My interpretation of this story is that the wealthy fellow understood that human nature--what I call Wetware 1.0--tends to manifest as cycles and waves: human emotions cycle between euphoria and despair, for example, and changes tend to reinforce one another, generating waves that gather momentum, crest and break as they crash onshore.
The difference between waves and cycles is not always obvious. The Austrian School economist Ludwig von Mises observed that the desire to control the economy via lowering interest rates and expanding credit created "wavelike movements" which Russian economist Kondratieff reckoned were cyclical.
"The wavelike movement affecting the economic system, the recurrence of periods of boom which are followed by periods of depression, is the unavoidable outcome of the attempts, repeated again and again, to lower the gross market rate of interest by means of credit expansion." (Mises)
Many observers have noted cycles of history which relate to humans experiencing hardship and the failure of initial solutions, and these lessons being lost once this generation has on, leaving future generations to re-learn the same lesson the hard way.
Historian David Hackett Fischer, author of the book, The Great Wave: Price Revolutions and the Rhythm of History (often recommended here), explained the difference thusly:
"Cyclical rhythms are fixed and regular.

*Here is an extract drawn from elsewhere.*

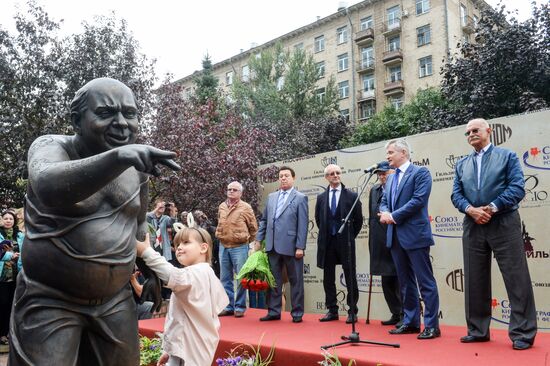 Monument to Yevgeny Leonov unveiled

Their periods are highly predictable. Great waves are more variable and less predictable. They differ in duration, magnitude, velocity, and momentum. One great price wave lasted less than ninety years; another continued more than 180 years. The irregularities in individual price movements make them no more (or less) predictable than individual waves in the sea.
Even so, all great waves had important qualities in common. They all shared the same wave-structure. They tended to have the same sequence of development, the same pattern of price relatives, similar movements of wages, rent, interest rates; and the same dangerous volatility in later stages. All major price revolutions in modern history began in periods of prosperity. Each ended in shattering world crises and was followed by periods of recovery and comparative equilibrium." (Thank you, Stuart L. for this excerpt)
In other words, what Fischer is describing is the similarities in history may not be periodic as much as in the characteristics and progression of eras.
One advantage of reaching an advanced age is that we understand past eras not from reading accounts but from memories of our own experiences.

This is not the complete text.